= Rhys ap Robert =

Welsh nobleman (died 1377)

Rhys ap Robert (died 1377) was a Welsh nobleman. A descendant of the progenitor of the Tudor dynasty, Ednyfed Fychan (d. 1246), he attained several positions in the administration of north Wales, including co-Constable of Flint Castle in north Wales by 1349, escheator of Caernarfonshire from 1347 to 1350, and rhaglaw (bailiff) of the commote of Dinmael in 1360–61.

Rhys' career was not without controversy. In 1354 he was fined for taking bribes, and in 1358 the men of Englefield in north-east Wales complained to the Black Prince about Rhys' oppressive measures. He lived at Kinmel near Abergele, and was a patron of the poet Iolo Goch.

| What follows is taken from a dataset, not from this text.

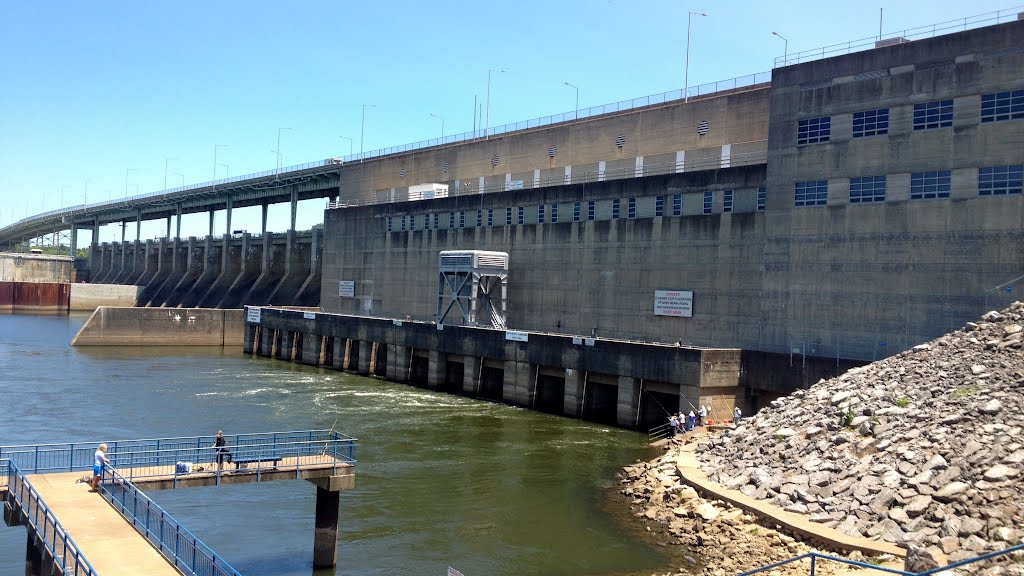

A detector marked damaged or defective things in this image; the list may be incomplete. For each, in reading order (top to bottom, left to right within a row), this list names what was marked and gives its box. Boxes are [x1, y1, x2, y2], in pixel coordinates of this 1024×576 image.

rusted metal wall [0, 280, 71, 309]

Rhys' most important role in Welsh society was as a supporter of Owain Lawgoch, a mercenary in French pay and a claimant to the title of Prince of Wales, who attempted to invade Wales with French support in 1369 and again in 1372. During the latter year, Rhys' son Ieuan Wyn - who also served as a mercenary in France - was identified along with Owain as having received over 500 marks from Rhys to aid their fight against the English there. The allegations seem not to have harmed Rhys' career, as he was appointed chief serjeant of the lordship of Denbigh in 1374. He died in 1377.